Between 443 and 485 the Angles, Saxons, and Jutes left their earlier homes in what is now Denmark and northwestern Germany, and overran eastern and southern Britain. In 486 the Franks, a great nation living along the lower Rhine, began to move, and within two generations had overrun almost all of Gaul. In 586 the Lombards invaded and settled the valleys of northern Italy, displacing the Ostrogoths there. Slavic tribes now moved into the Eastern Empire—Serbs and Bulgars—and settled in Moesia and Thrace. Southeastern Europe thus became Slavic-Greek, as western Europe had become Teutonic-Latin. Figure 32 shows the results of these different migrations up to about 500 A.D.

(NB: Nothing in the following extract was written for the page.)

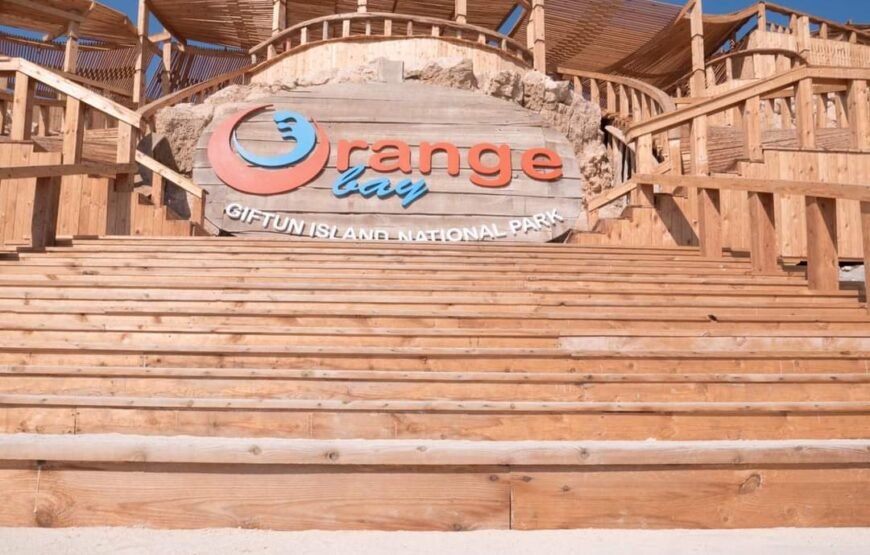 Hurghada: Orange Bay Island & Snorkeling Cruise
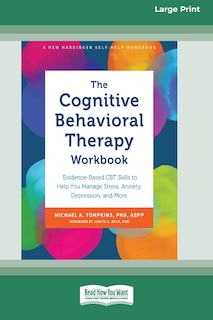 Front cover_The Cognitive Behavioral Therapy Workbook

EUROPE TO BE TEUTONIC-LATIN. In the seventh century another great wave of people, of a different racial stock and religion—Semitic and Mohammedan— starting from Arabia and along the shores of the Red Sea, swept rapidly through Egypt and Africa and across into Spain and France. For a time it looked as though they might overrun all western Europe and bring the German tribes under subjection. Fortunately they were definitely stopped and decisively defeated by the Franks, in the great Battle of Tours, in 732. They also overran Syria and Persia, but were held in check in Asia Minor by the Eastern Empire, which did not completely succumb to barbarian inroads until Constantinople was taken by the Turks, in 1453.
The importance of the result, to the future of our western civilization, of this battle in the West can hardly be overestimated. The future of European government, law, education, and civilization was settled on that Saturday afternoon in October, on the battle plains of Tours. [5] It was a struggle for mastery and dominion between the Aryan and Semitic races, between the Christian and Mohammedan religions, between the forces representing order on the one side and destruction on the other, and between races destined to succeed to the civilization of Greece and Rome and a race representing oriental despotism and static conditions.
[Illustration: FIG. 33. THE KNOWN WORLD IN 800 This map shows the great extent of the Mohammedan conquests. The part marked as "European Heathen" was added to Christianity within the next few centuries, and became a part of our Latin-Teutonic or western civilization.]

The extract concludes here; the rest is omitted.